## Work instructions
Repeat the listing below line by line, exactly, leaving its pictures behind.

● ● ● ● ● ● ●

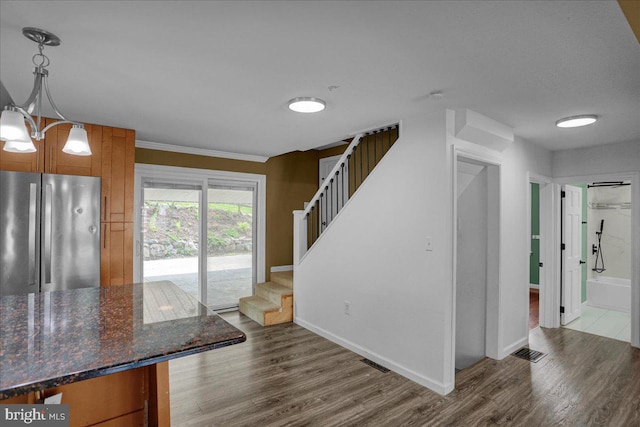 3629 Chestnut St, Reading, PA 19605 - kitchen featuring freestanding refrigerator, dark wood-style floors, brown cabinets, a chandelier, and crown molding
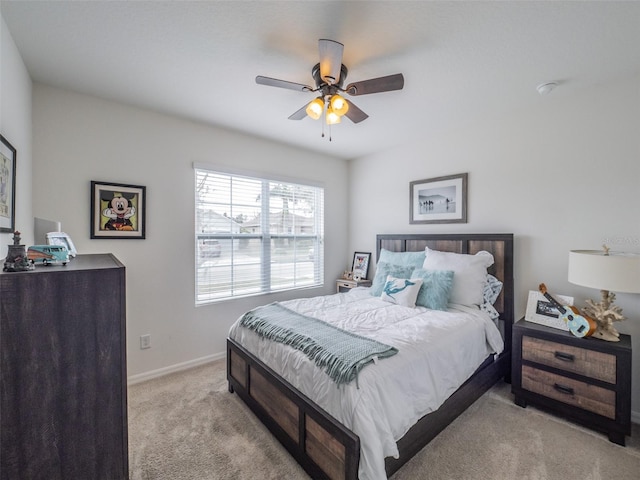 bedroom featuring light carpet, ceiling fan, and baseboards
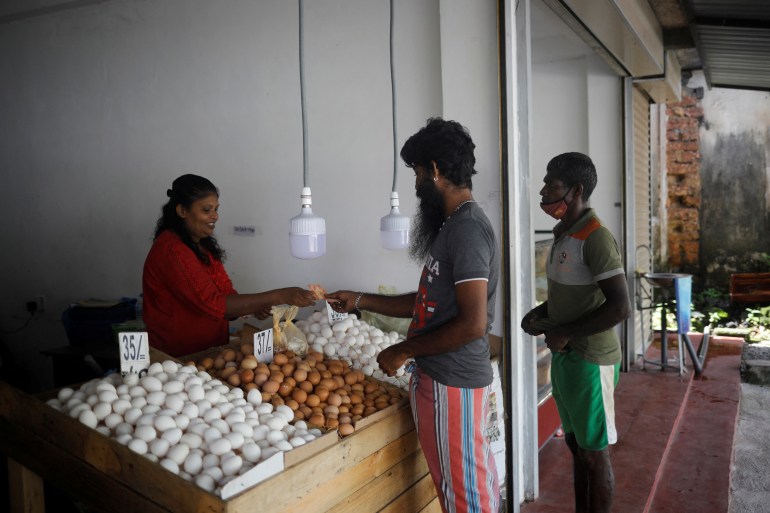 Nuwantha Kasun Jayathileke, 30, brother of Lasanda Deepthi, 43, an auto-rickshaw driver for local ride hailing app PickMe, buys eggs from a shop in Gonapola town, on the outskirts of Colombo, Sri Lanka,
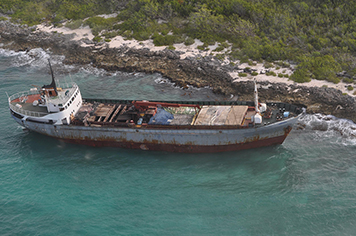 Ship stuck off the coast of a tropical island.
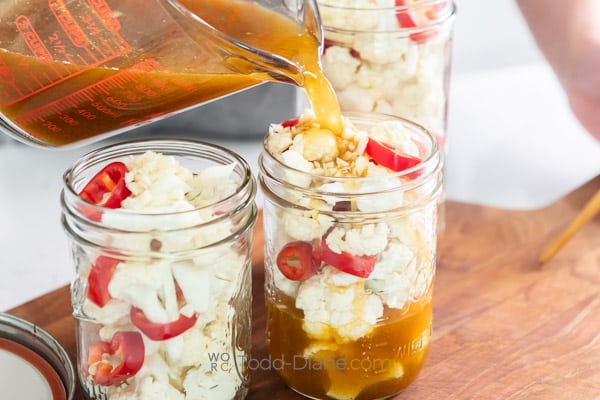 pouring brine into the jars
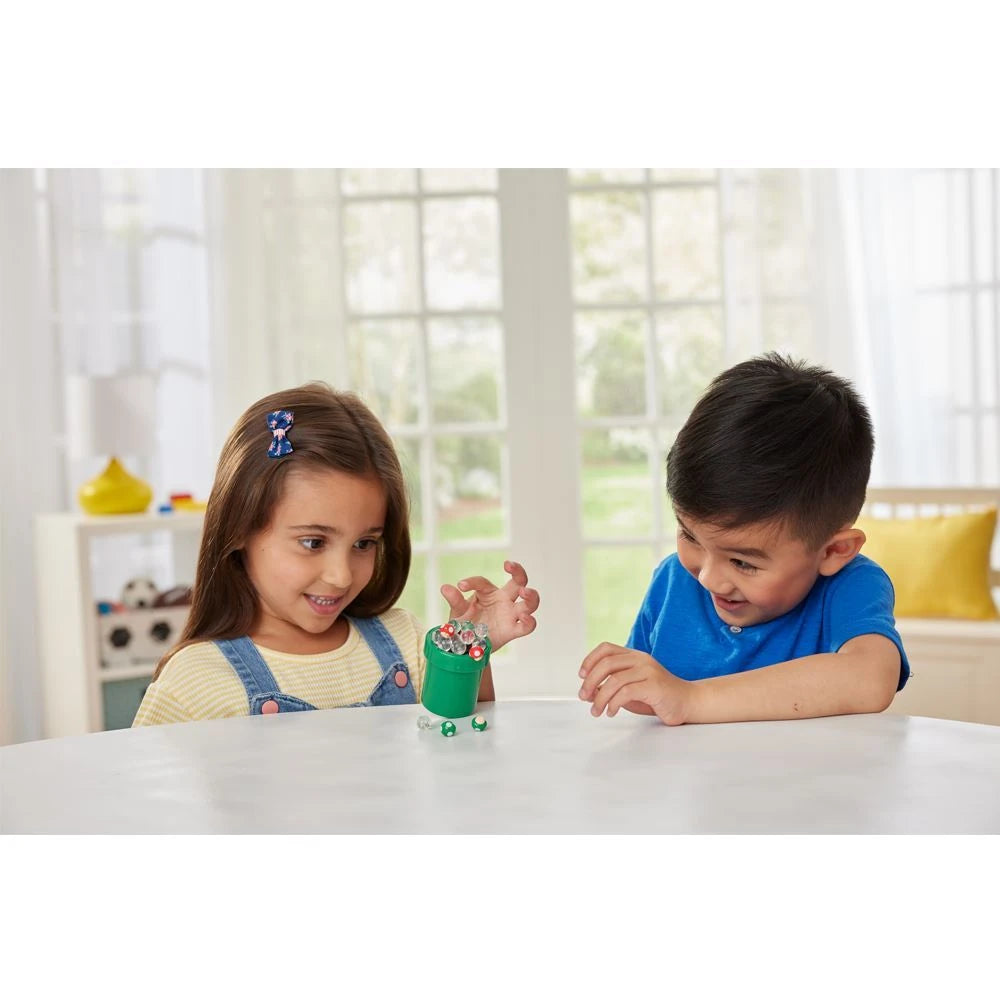 Two children playing with the Super Mario Mushroom Mania Balancing Game on a table with the green pipe base and mushroom pieces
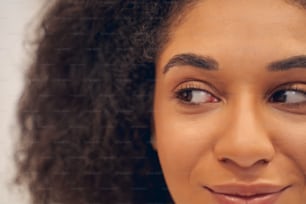 Lovely optimistic Afro American woman glancing sideways and expressing calmness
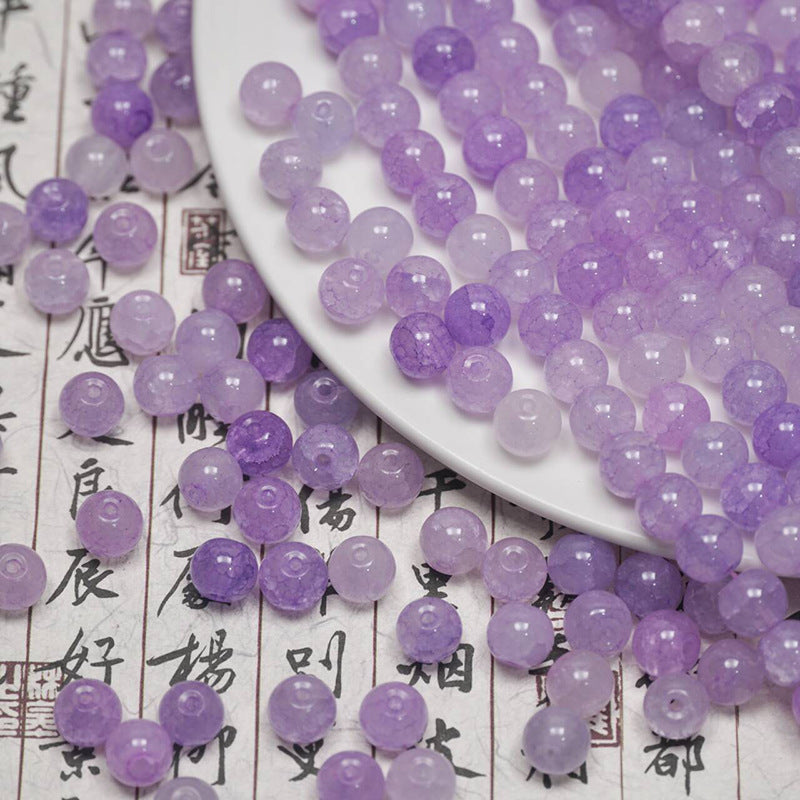 Purple ice-crackle glass beads spilling from a white plate onto calligraphy paper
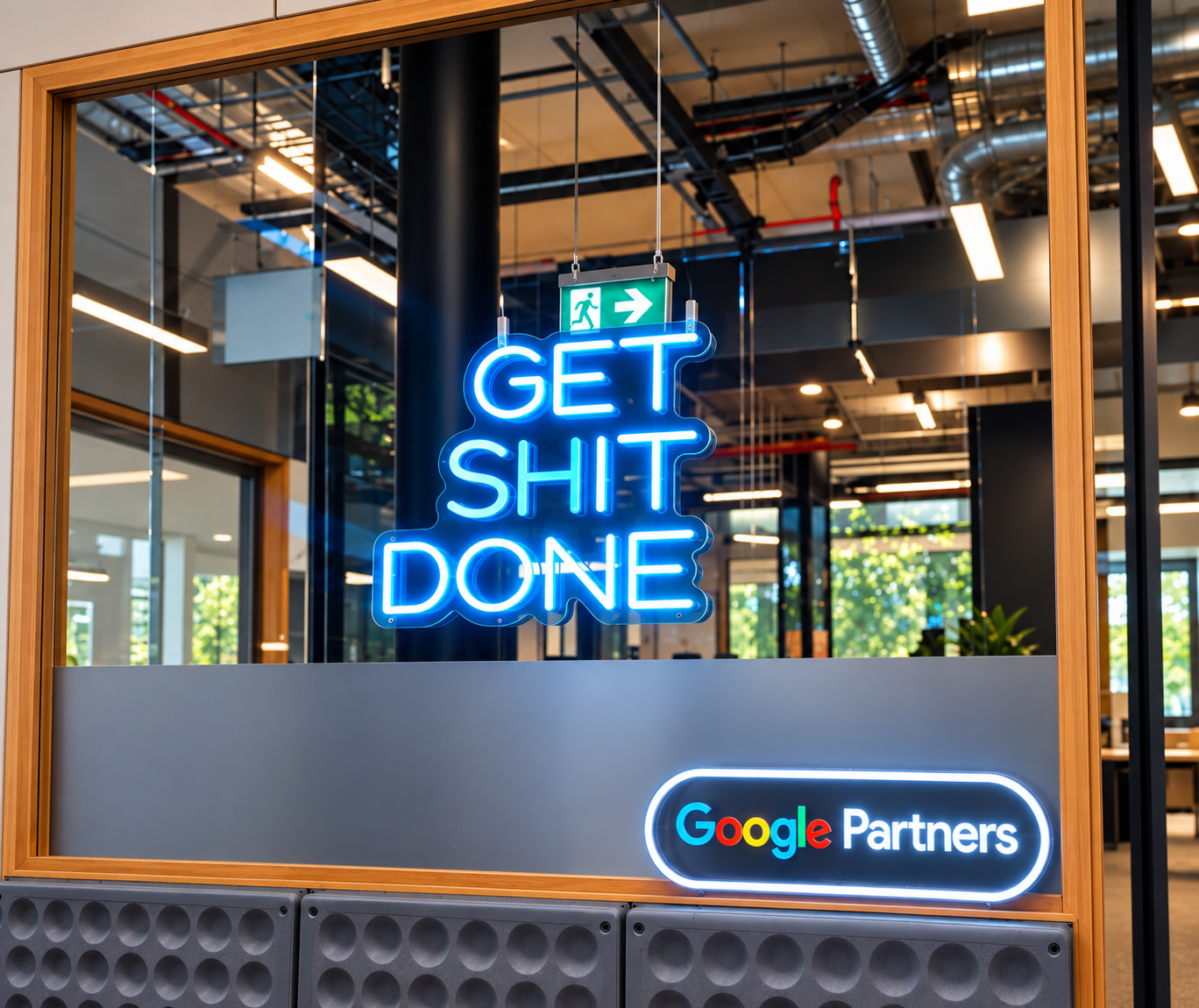 Blue neon sign reading get shit done above a Google Partners sign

● ● ● ● ● ● ●

## Task output
 3629 Chestnut St, Reading, PA 19605 - kitchen featuring freestanding refrigerator, dark wood-style floors, brown cabinets, a chandelier, and crown molding
 bedroom featuring light carpet, ceiling fan, and baseboards
 Nuwantha Kasun Jayathileke, 30, brother of Lasanda Deepthi, 43, an auto-rickshaw driver for local ride hailing app PickMe, buys eggs from a shop in Gonapola town, on the outskirts of Colombo, Sri Lanka,
 Ship stuck off the coast of a tropical island.
 pouring brine into the jars
 Two children playing with the Super Mario Mushroom Mania Balancing Game on a table with the green pipe base and mushroom pieces
 Lovely optimistic Afro American woman glancing sideways and expressing calmness
 Purple ice-crackle glass beads spilling from a white plate onto calligraphy paper
 Blue neon sign reading get shit done above a Google Partners sign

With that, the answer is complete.